## [WORK TO BE COMPLETED]
Exclude pictures; retype the lines below from the line containing "female beauty. A" through the end of the records, both ends kept.

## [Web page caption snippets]
»»

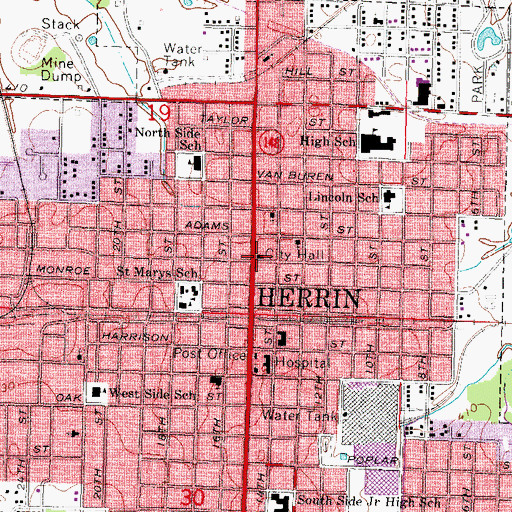 Topographic Map of Herrin City Hall, IL
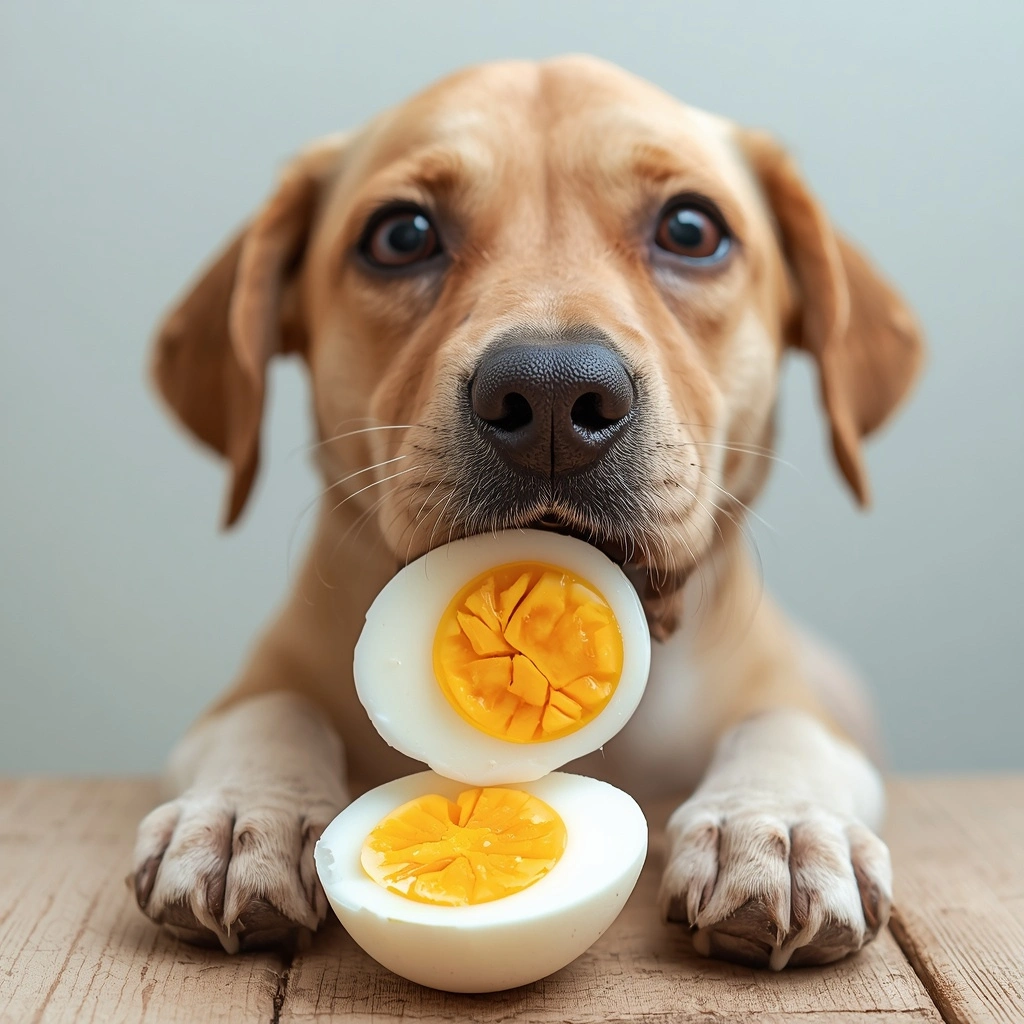 "Happy Golden Retriever sitting beside a plate of sliced hard-boiled eggs on a wooden table in a bright kitchen, showing a healthy and nutritious treat for dogs."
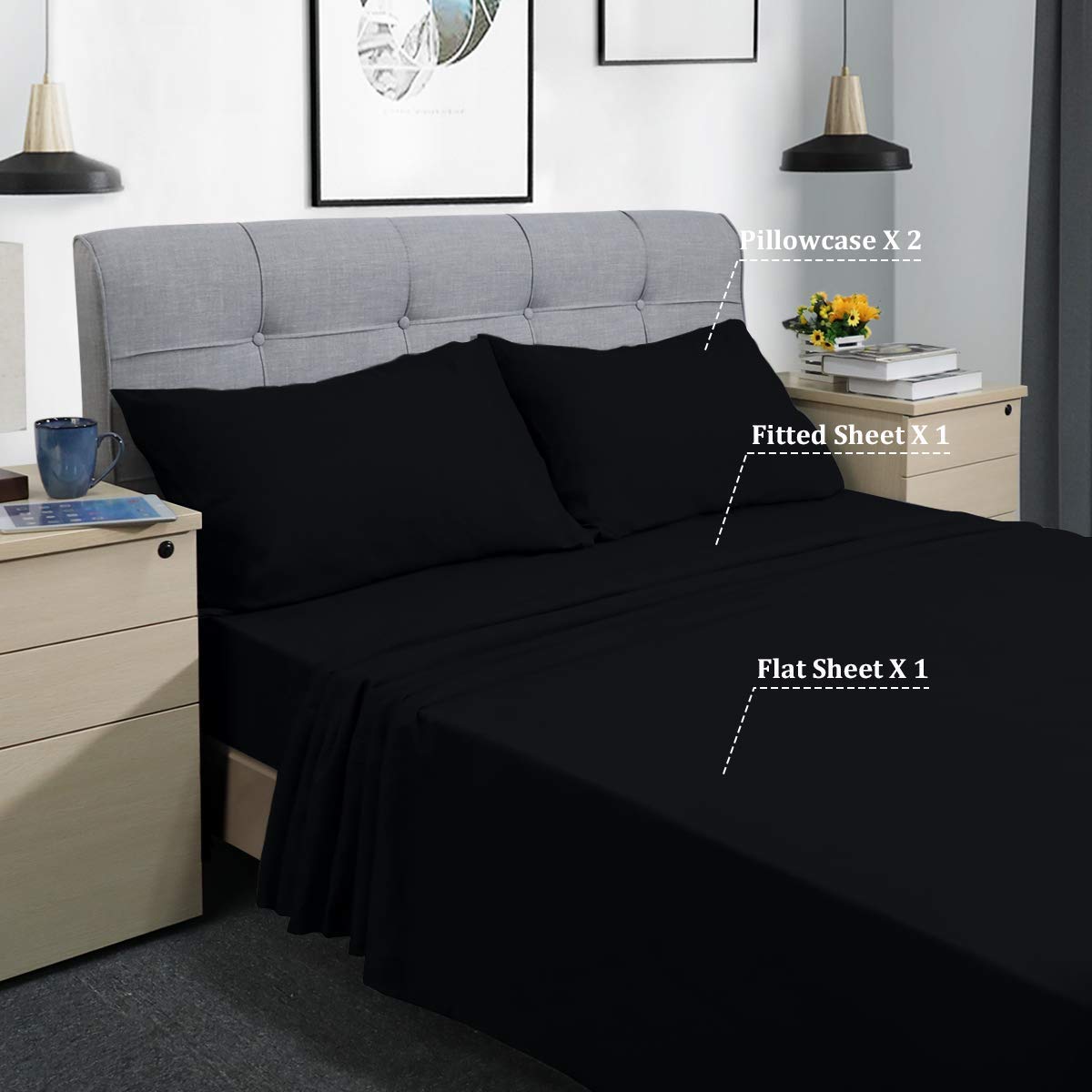 Super Soft 800 Thread Count Egyptian Cotton Bed Sheet Set - 4 Piece Twin Size with 16 Inch Deep Pocket - Breathable & Hypoallergenic for Ultimate Comfort | Perfect for Guest Rooms, Dorms & Cozy Bedrooms (Black)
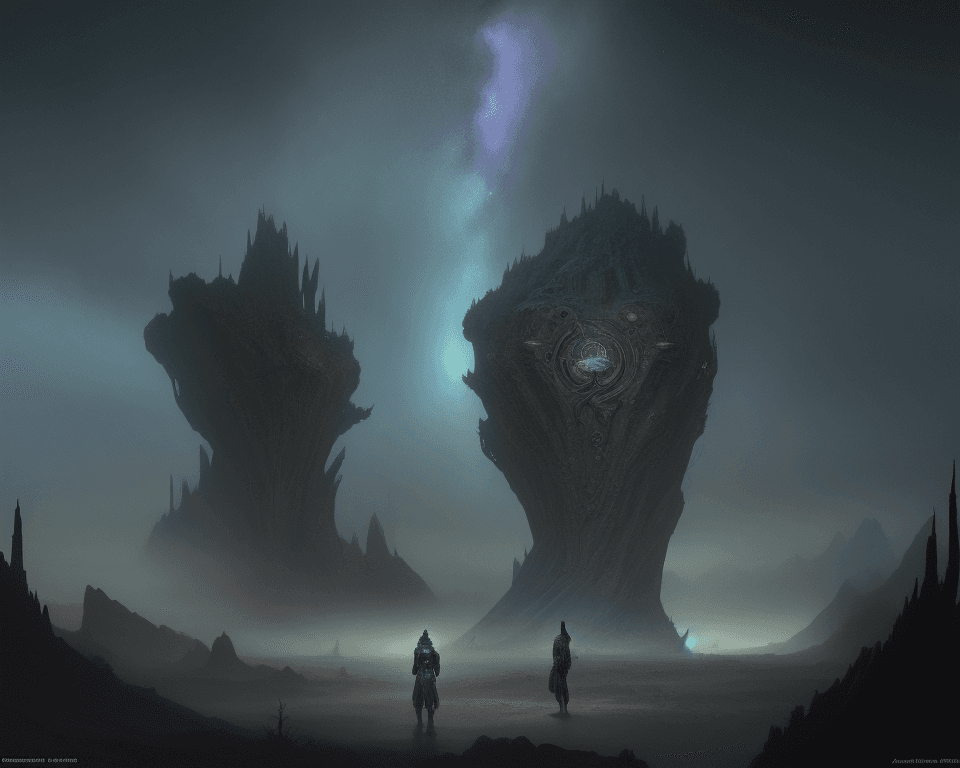 AI generated: Adventurers explore strange world, a masterpiece sci-fi atmospheric highly detailed intricate 4k res...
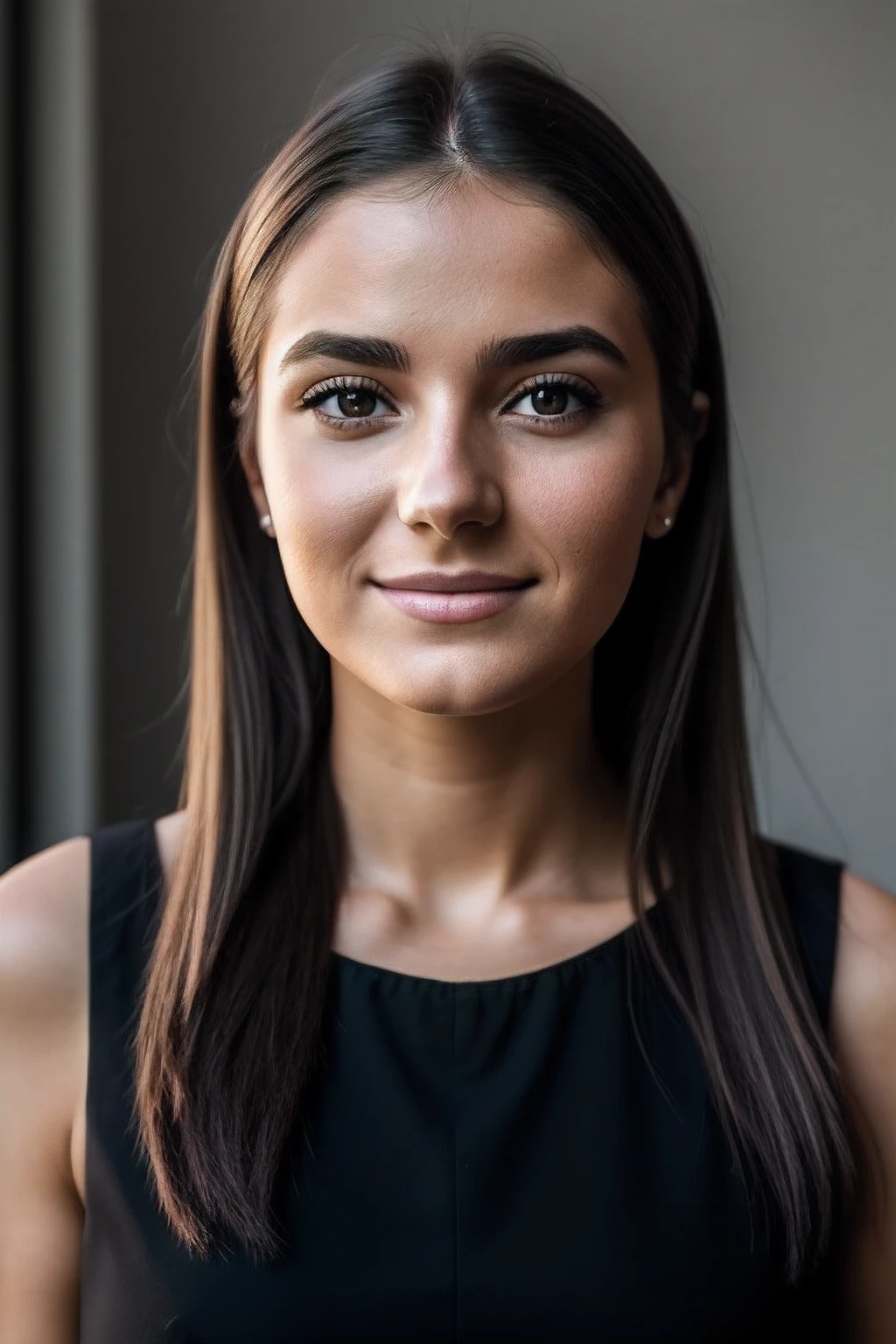 Instagram-Foto, Nahaufnahme Gesicht 1.4f, bookeh effect, Foto von 23 Y.o Chloe, blasse Haut, (smil:0.4), Harte Schatten, (10, RAW-Foto, Top quality),realistisch, Frontal, Kompliziert detailliert, Gag, wegblicken, Frauenfokus, only black dresses, Morgenhimmel, Sanfte Beleuchtung, Filmische Beleuchtung, portrait, Mit Liebe, beauty,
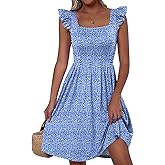 ANRABESS Womens Summer Short Dress 2026 Square Neck Sleeveless A Line Ruffled Wedding Casual Cute Teen Beach Mini Sundress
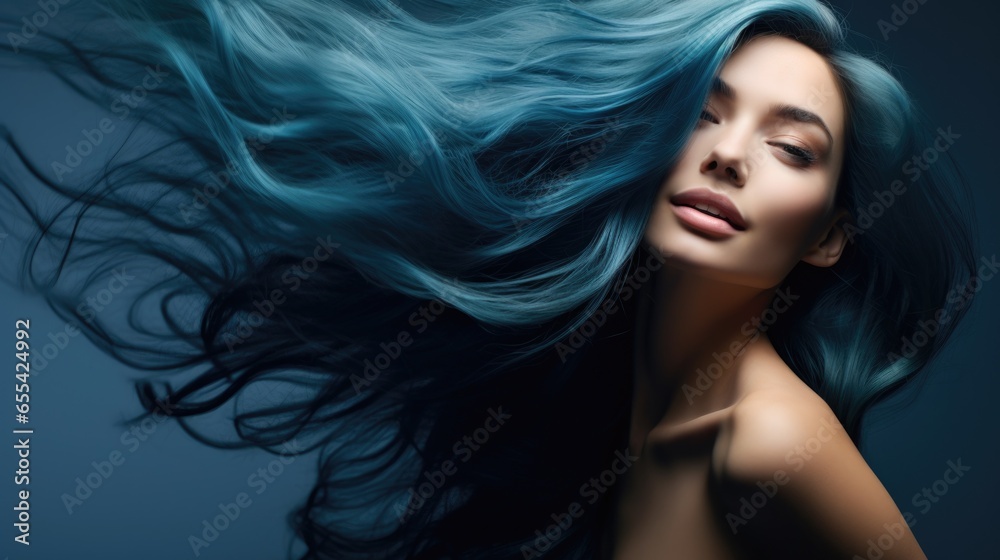 A woman with long dyed blue hair. Concept of hair care and coloring, female beauty. A woman with long dyed blue hair. Concept of hair care and coloring, female beauty.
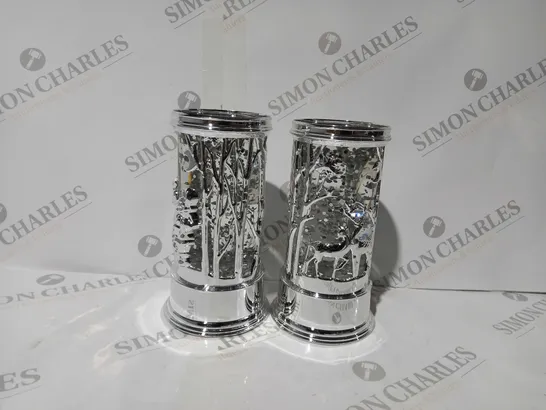 HOME REFLECTIONS SET OF PRELIT SWIRLING GLITTER SCENIC PILLARS - SILVER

««

## [RESPONSE TO THE EXERCISE]
 A woman with long dyed blue hair. Concept of hair care and coloring, female beauty. A woman with long dyed blue hair. Concept of hair care and coloring, female beauty.
 HOME REFLECTIONS SET OF PRELIT SWIRLING GLITTER SCENIC PILLARS - SILVER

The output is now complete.